Golf vs homes: Hong Kong’s Fanling course could keep hosting international tournaments if players and officials can satisfy organisers
- Hong Kong Alliance of Golfers says alternative arrangements for parking and other amenities must be found after 32-hectare site is taken back for development
- Government to study possibility of providing supporting facilities to maintain venue’s attractiveness
Hong Kong’s showpiece golf course could continue to host international tournaments even after sacrificing some land to housing development if the government and players were able to work out remediation measures and get the nod from match organisers, a local sports group said on Thursday.
The Hong Kong Alliance of Golfers, comprising players, coaches and industry workers, noted that tournament games were not played on the 32-hectare site that the government intended to take back from the Fanling course. The area was usually used for parking and storing equipment for past matches, alliance spokesman Kenneth Lau Ka-lok said.

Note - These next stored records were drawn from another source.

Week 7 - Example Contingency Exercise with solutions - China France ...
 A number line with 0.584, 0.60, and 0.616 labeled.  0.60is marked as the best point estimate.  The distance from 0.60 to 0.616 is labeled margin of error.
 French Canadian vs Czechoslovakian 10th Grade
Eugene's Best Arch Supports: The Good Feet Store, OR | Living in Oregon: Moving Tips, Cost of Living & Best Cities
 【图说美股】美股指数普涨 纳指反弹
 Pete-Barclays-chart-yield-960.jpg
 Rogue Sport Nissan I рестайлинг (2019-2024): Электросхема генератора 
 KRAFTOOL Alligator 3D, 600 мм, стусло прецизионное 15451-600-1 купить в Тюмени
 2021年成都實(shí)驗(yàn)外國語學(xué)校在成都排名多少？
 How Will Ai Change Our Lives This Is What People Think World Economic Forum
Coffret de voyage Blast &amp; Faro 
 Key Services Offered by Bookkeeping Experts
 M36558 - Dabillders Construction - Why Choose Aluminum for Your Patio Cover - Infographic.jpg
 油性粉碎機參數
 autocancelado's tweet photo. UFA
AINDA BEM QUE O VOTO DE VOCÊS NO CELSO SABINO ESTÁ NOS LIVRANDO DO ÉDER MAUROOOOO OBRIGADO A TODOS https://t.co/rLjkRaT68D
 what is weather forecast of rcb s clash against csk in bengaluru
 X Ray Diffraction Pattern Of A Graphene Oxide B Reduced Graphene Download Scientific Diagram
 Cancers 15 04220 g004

Lau said the alliance was willing to discuss possible alternatives to those arrangements with officials but added that he was not optimistic.
“I can’t see there is a space to park 2,000 cars,” he said on a radio show. “Organising the European Tour at a site has certain requirements, and space for parking is one of them.”
Why was part of Hong Kong’s Fanling golf course sacrificed for blocks of flats?
The PGA European Tour had expressed regret regarding the housing plan in a letter earlier, he said.
Lau was worried the organiser would eventually stop holding matches in Hong Kong because it had strict requirements regarding the set-up of public galleries, the media centre and parking space.
“But of course, there is still time, there are a few years ahead. We can talk and solve it.”
On Wednesday, the government announced it would be taking back part of the 172-hectare Fanling course, run by the Hong Kong Golf Club, to build at least 4,600 flats from 2024. More than half of them would be for public housing.
Lau said that international tournament organisers had the final say on whether to hold matches at the course, and the right to decide did not lie in the government’s hands.
The move was among the eight recommendations made by a task force on boosting land supply to plug a shortfall of 1,200 hectares needed for economic and housing developing, according to a government estimate, over the next three decades.
At the same radio programme, Secretary for Development Michael Wong Wai-lun said he understood Lau’s point, and he also felt it would be a pity if organisers decided to stop holding competitions in Hong Kong.
“There’s no painless decision,” he said.
The minister said the Home Affairs Bureau was arranging meetings with stakeholders to look into whether the remaining 140-hectare site could be used in a more efficient way to maintain the venue’s attractiveness to organisers. The government would also study the possibility of providing supporting facilities to achieve that goal.
The shortlist of eight options tabled by the land task force could produce a total of about 3,250 hectares – 2.7 times what it described as the government’s “grossly conservative” predicted shortfall.